▶ Exercise details
The full listing, written out exactly and without images, is the expected result.

▶ Data provided
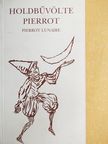 Otto E. Hartleben - Holdbűvölte Pierrot [antikvár]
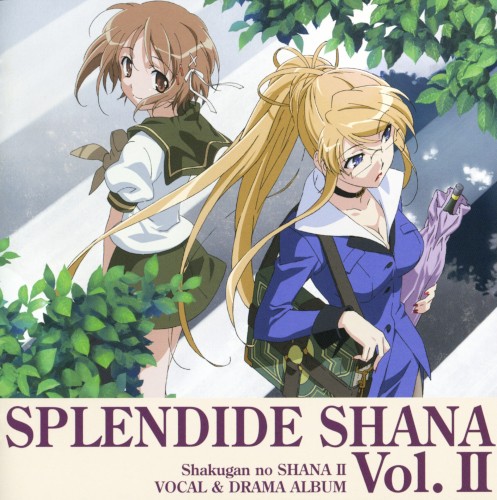 Shakugan no SHANA II VOCAL & DRAMA ALBUM SPLENDIDE SHANA Vol. II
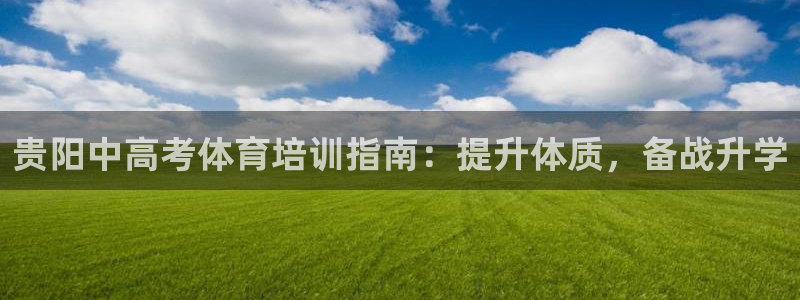 极悦平台官网登录不了：贵阳中高考体育培训指南：提升体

▶ Output for this exercise
 Otto E. Hartleben - Holdbűvölte Pierrot [antikvár]
 Shakugan no SHANA II VOCAL & DRAMA ALBUM SPLENDIDE SHANA Vol. II
 极悦平台官网登录不了：贵阳中高考体育培训指南：提升体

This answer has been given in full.